6. I have read the replying affidavit and submissions in opposition to the application. It appears that the prosecution is apprehensive that the applicant and her husband will interfere or influence the witnesses who are said to be daughter, step-daughter and co-wife to the applicant. If it is true that the applicant’s husband is supporting her, and I see no denial to this from the prosecution, then I see no reason why the husband cannot influence those witnesses even when the applicant is in custody. From my reading of the replying affidavit I discern fear by the prosecution that the applicant and her husband will interfere with witnesses especially the two young girls. Are these fears founded? They may be but again it comes out from the submissions of the applicant that the defence is not disputing that the two girls were present during the events that led to the death of the deceased and the defence seems to have no problem with that.
7. To my mind these fears are unfounded. The prosecution is in possession of statements from all the witnesses they would wish to call and they are at liberty to lead evidence as per the statements. The law also allows them to cross examine their own witnesses where those witnesses testify contrary to the statements in prosecution custody. There is no evidence that investigations are not complete to warrant opposing the application and before any court allows bail application there are conditions set and if there is evidence that any of those conditions have been breached then the bail/bond can be cancelled.

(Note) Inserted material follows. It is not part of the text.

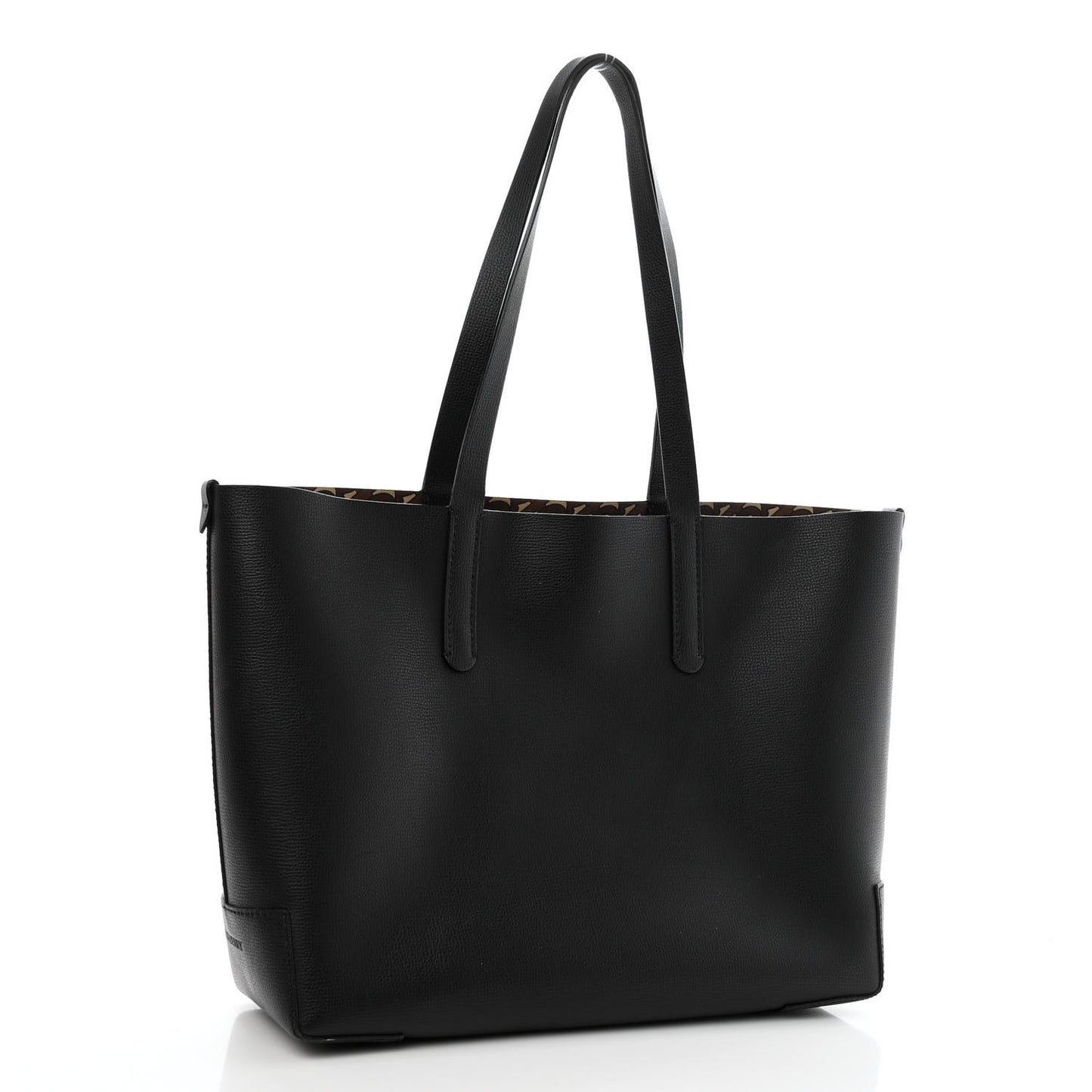 Calfskin TB Motif Embossed Tote Black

8. After due consideration of the application, grounds in support and against, the applicable law, submissions of both counsel it is my view that the prosecution has not tabled compelling reasons to make this court deny the applicant bail pending the hearing of this case. I therefore allow the application for bail and order the applicant released on the following terms:
i.She will sign a bond of two million Kenya Shillings (Kshs 2,000,000) with two sureties of similar amount each.
ii.In the alternative she will deposit in court a cash bail of one million Kenya shillings (Kshs 1,000,000).
iii.This court further cautions the applicant that this bail/bond will stand cancelled if there is evidence that she is interfering or influencing the prosecution witnesses.
I make orders accordingly.
Stella N. Mutuku, Judge
Signed, dated and delivered this 8th day of November 2012.